I react violenty when people use the family-first order in English with Japanese names. It has the same power to piss me off as "u". Sometimes I have to put up with it, because of, well, other mitigating factors. But today I saw a comment in Jeff's entry about the reality-based plots making a short visit to Ghibly Studios, so I went to check the author. Looks like a nice enough blog, but... the name order just overwhelms. I guess I'm not going to follow that one.
Some of adherents of this sillinesscustom say that the name is just a tag in its entirety, and thus we should not monkey with it. After all, with some cultures (such as Viet) it simply is impossible to split family from given and perform the normalization. So, the logic goes, to be consistent to the worst common denominator, we should refuse to do that for those cultures where it's a perfectly reasonable thing to do, for the sake of "consistency".
The reason the "consistency" does not work is because it's impossible. Cultures exist which prefer their mapping to be done, for example Russians.
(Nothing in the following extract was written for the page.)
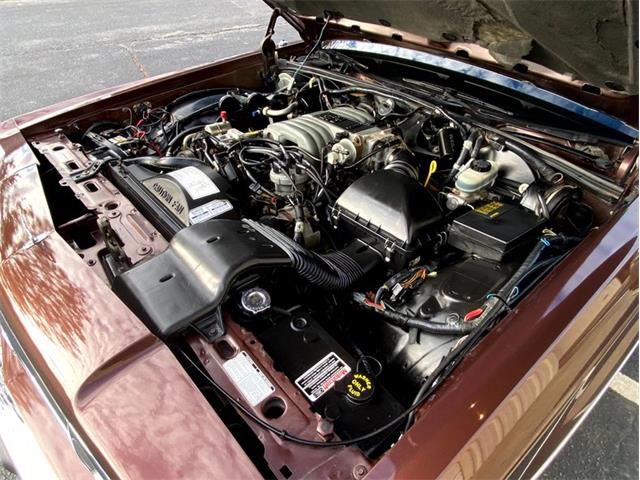 1991 Ford Crown Victoria (CC-1688072) for sale in Greensboro, North Carolina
They have given names, family names, and father's names, with the latter often mapped to "middle name" in English. Thus, Петр Феоктистович Романов is going get angry every time he sees his Driver's License which says "Petr Feoktistovich Romanov". It's not that it's wrong, but over time it's getting annoying. The use of middle name has certain connotations for him.
But even if English speakers tried to preserve the names outside of their cultural context by their complete sound, they could not. For example, a common Russian name "Зайцев" (e.g. the character in a movie about WWII snipers) has a sound 'ц', which is absent from English. When a clerk in Safeway is struggling to read the name on the receipt and Mr. Zaitsew is in a hurry, he is going to get pissed more than Mr. Romanov in the above example. The plight of Mrs. Nguyen Thu Huong is even more horrible: 't' and 'h' are separate sounds. Not only they can't pronounce it right, they can't spell it using English rules, period. The Anglicized name is just a new badge invented for a person, face it.
Finally, from what I gather, Japanese are perfectly happy to have their names normalized for use in English, and perhaps even prefer it. So, as far as I am concerned, fans of consistency can stuff it.
There may be other arguments, although I don't see them articulated.
Update: Jeff sent an e-mail to remind that he also belongs to the other side. Uh-oh. I completely missed that. If I understood him right, he explains that he has to -san people a lot at work, and that is, of course, impossible with the First-Last order.
Update: Steven asks what I would feel if I saw "Zedung Mao" in a news or historical article. Honestly, I have no idea. Obviously, I didn't make enough disclaimers about the name morphing being culture-specific (although doings so would make the article unweildy). I have no preference about the way Chairman Mao should be identified in English; I am not Chinese; I don't watch Chinese movies.